We’re working on a new asset to help you achieve the perfect smooth big-pixel look for your retro styled game! Smoothly rotate, scale, and position your artwork without unsightly jaggies, moire, or swimming pixels. RetroAA keeps your pixels looking their best.
RetroAA also works well with voxel games and is 3D ready! With anisotropic filtering enabled, your textures will keep their sharp pixel look even at very shallow viewing angles.
Not much. It’s a fairly efficient pixel shader. Higher quality and cheaper than screen space AA effects like FXAA. Significantly less than some of the built in shaders like displacement mapping for instance.
If this fixes the issues I’ve had with trying to maintain a low resolution pixel art style you guys are amazing. This looks perfect for one if the next games I want to work on.
Another good example of a 3D scene with RetroAA. On the right side point filtering quickly turns into noise (that looks even worse when moving), and the close up details have a lot of visible aliasing. RetroAA on the left side anti-aliases between texels close up and keeps them looking sharp as possible when they get further away.
Absolutely amazing. I cannot wait for you guys to release this. Been a major problem for me with wanting pursue this 3D, low resolution, pixel art style. This has reignited my excitement.
So one thing I think we didn’t point out yet was that RetroAA gives you anti-aliased texture filtering, but it doesn’t anti-alias polygon edges. So you’ll want to use it to complement regular MSAA.
Today I added a SpriteRenderer version of the shader. This one includes alpha blending and support for Unity’s sprite atlases. Here’s an enlarged picture to show how it looks with sprites that have been rotated slightly.
We have some more ideas that we’ve been working on as well such as applying an unsharp mask filter as part of the anti-aliasing to make the pixels even sharper, and we are experimenting with Unity 5.4’s alpha-to-coverage feature for supporting anti-aliasing alpha cutouts for 3D games.
We provide a standard surface shader, an unlit shader, and a sprite one.
The surface shader version started with the template, and we didn’t add any properties (yet). We weren’t sure which combinations people would want and if which channels they would want RetroAA applied to. For instance, you probably do want it applied to normals and specular, but maybe not AO. Parallax mapping probably would work really poorly with a discontinuities in the height map. On the other hand, it’s a surface shader so it’s as easy as possible to modify. We are also very open to requests.

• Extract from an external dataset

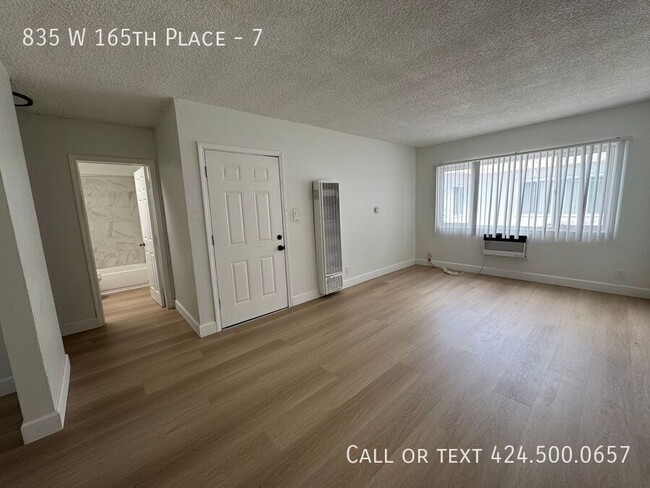 Building Photo - 835 W 165th Pl Unit 7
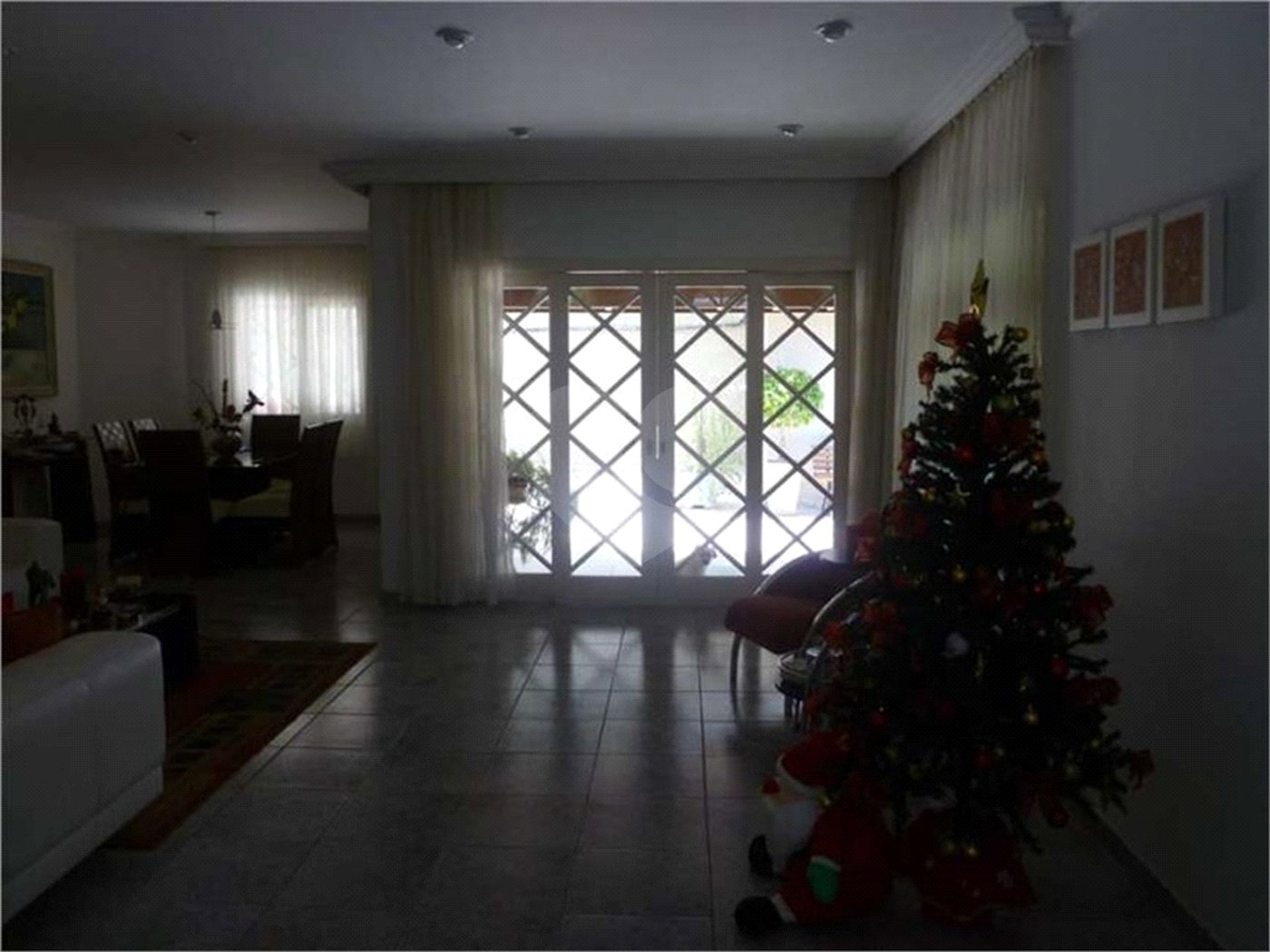 Casa à venda com 3 quartos, sendo 1 suíte, no condomínio Vivenda das Vinhas, Vinhedo - SP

We are considering adding support for doing anti-aliased alpha cutouts using Unity 5.4’s new alpha to coverage support. This would be great for anybody that wants to mix regular anti-alising and RetroAA together to anti-alias both polygon edges and the texturing.

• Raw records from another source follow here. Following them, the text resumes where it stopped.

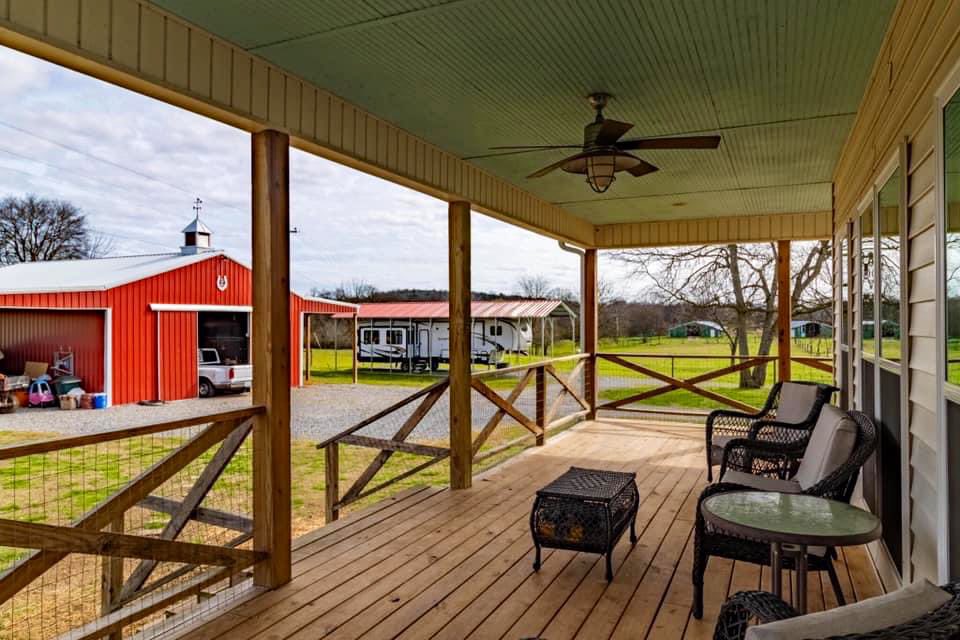 barndominium_us's tweet photo. I want this. https://t.co/zSXy7BEPwv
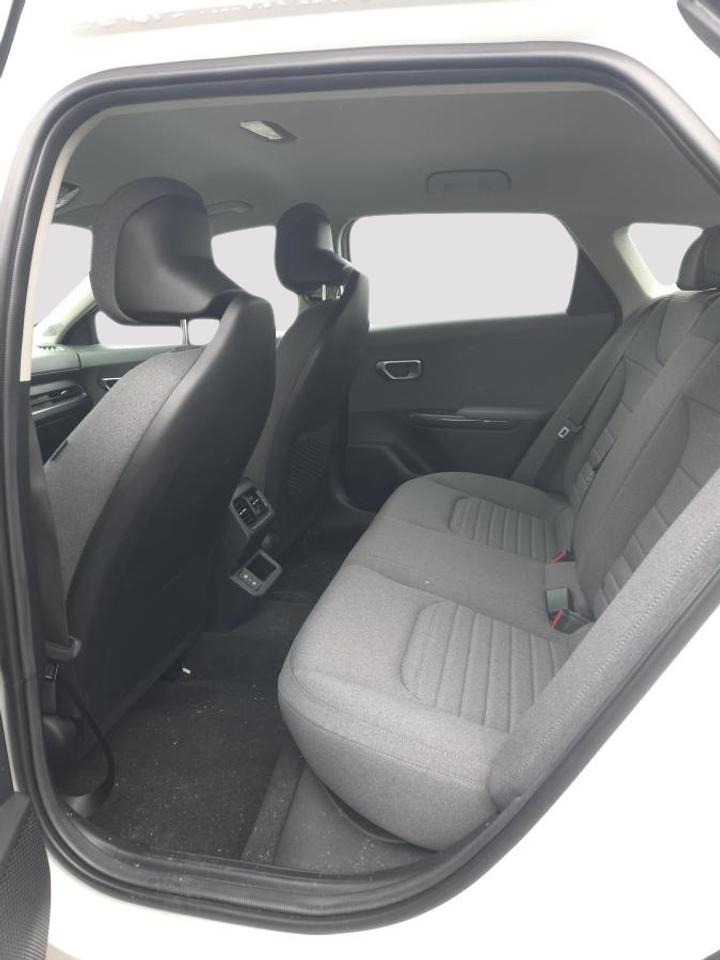 2025 Kia K4 EX FWD Photo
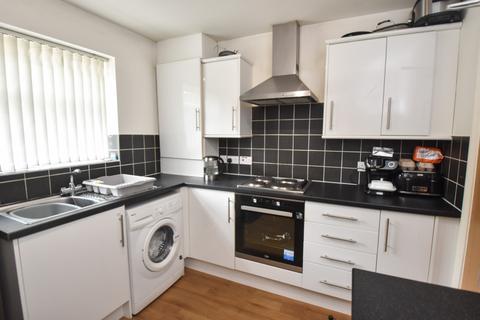 2 bedroom flat for sale, Bowers Avenue, Davyhulme, M41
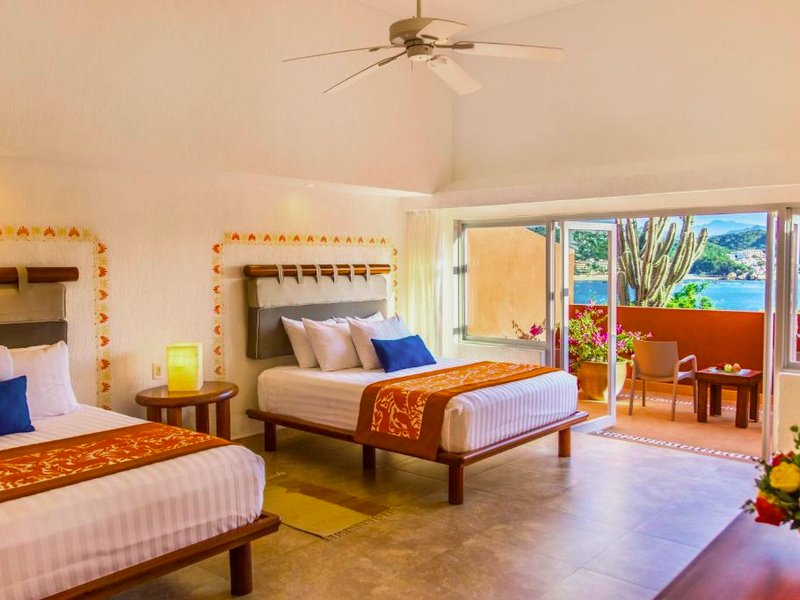 ラス ブリサス ウアトゥルコ (Las Brisas Huatulco)の写真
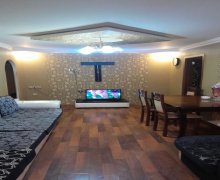 Satılır Köhnə Tikili İnşaatçılar m., Yasamal qəs., Yasamal r.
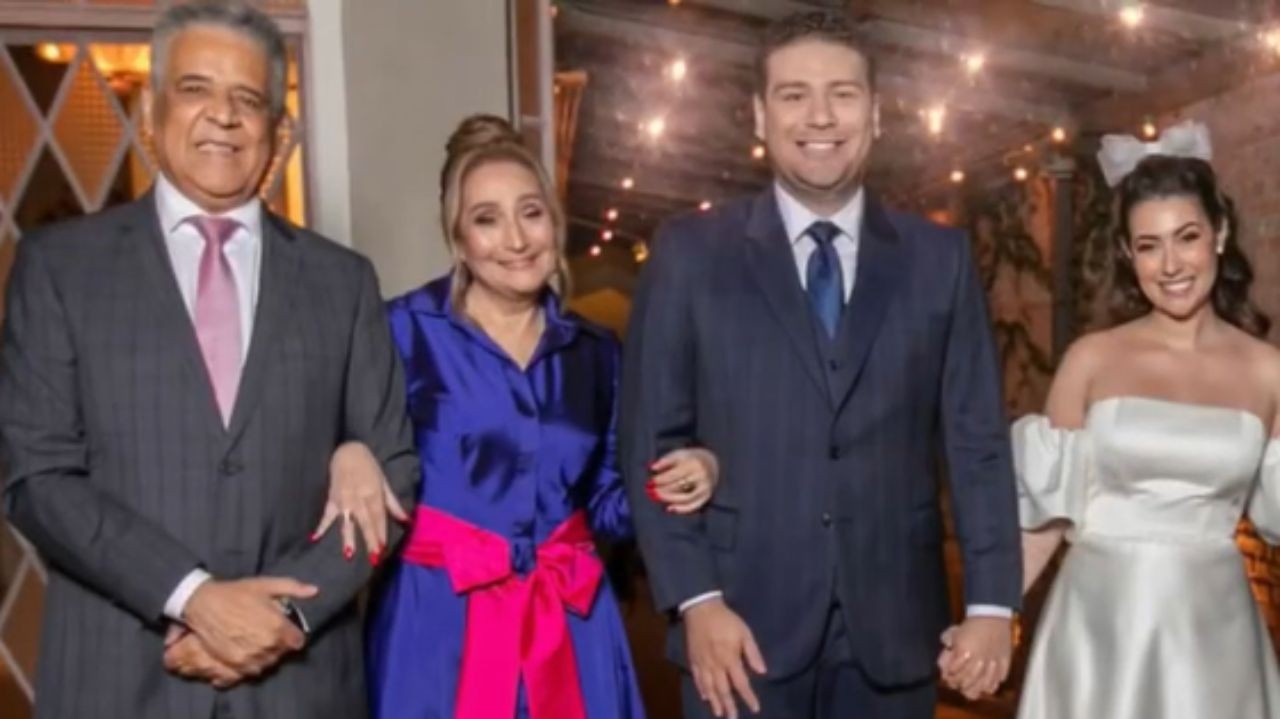 Sonia Abrão de braços dados com ex-marido, filho e nora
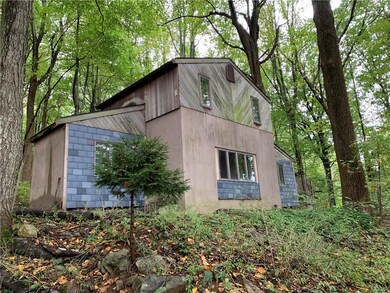 2562 S Ivy St unit REAR, Allentown, PA 18103 - photo 4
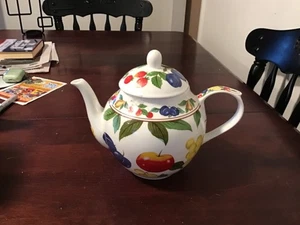 Tetera de porcelana de hueso Eden de Roy Kirkham - Imagen 1 de 5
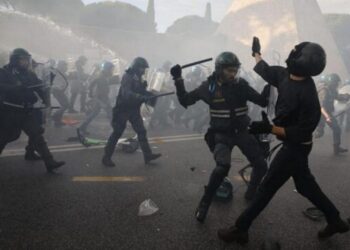 La policía reprende violentamente la movilización en solidaridad con Palestina en Roma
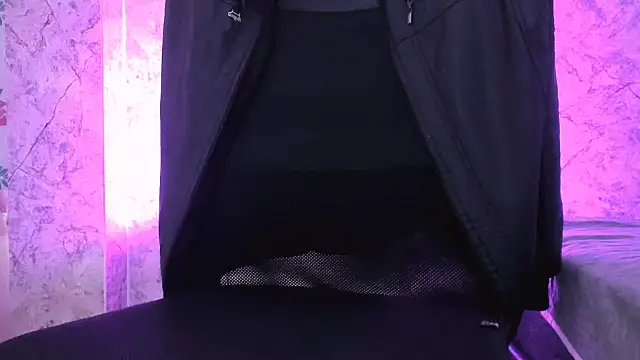 Snapshot of AnddieBaker chatting on December 2025 05:20:02 AM AnddieBaker online show from December 2025 05:20:02 AM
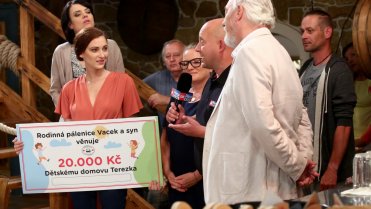 Sylva předá šek pro dětský domov Sylva předá šek pro dětský domov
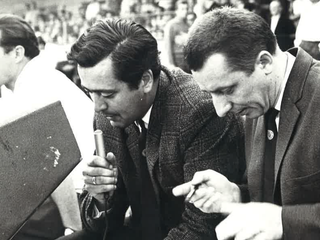 Televízni komentátori Karol Polák a Vít Holubec.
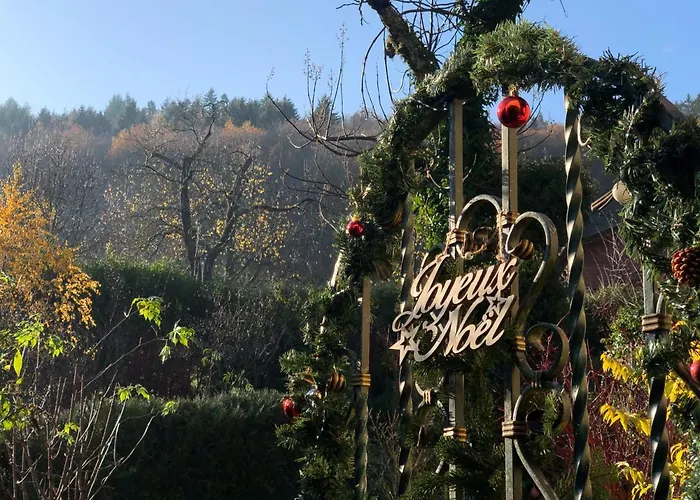 Lo'gite L'allee Du Val Ferienhaus Lalaye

There is DEFINITE interest in mixing this with regular AA, yep, though I’m a little unclear how you’d be leveraging alpha-to-coverage for that (I haven’t looked into it at all). In case it matters, we’re also using most of the Amplify plugins, so however you did it, odds are good you aren’t the only post-processing system in play, if it’s the sort of thing where you’d be moving beyond a relatively straightforward surface shader.
Very interested in getting this soon.
Personally I’d like everything to be exposed, and simple to apply or not. All properties available in the standard shader would be best to have accessable in the custom shader. And a simple check box to apply RetroAA or not.
That’s the kind of ease of use I’d really like to see.
Great work on the pack so far.
The quicksplanation version is that the GPU generates a bitmask of which subsamples in a pixel are covered by a triangle. You can modify that bitmask by a shader to control the anti-aliasing strength for a certain pixel. Alpha-to-coverage basically means modifying that coverage bitmask using an alpha value. Ex: When the alpha is 25%, turn off all but 25% of the coverage bits that the hardware said were part of the triangle.
Hello, does this asset come with non-obfuscated shader code ? I am interested in this but I use custom shaders so I will need to hack through the code to integrate it to my game.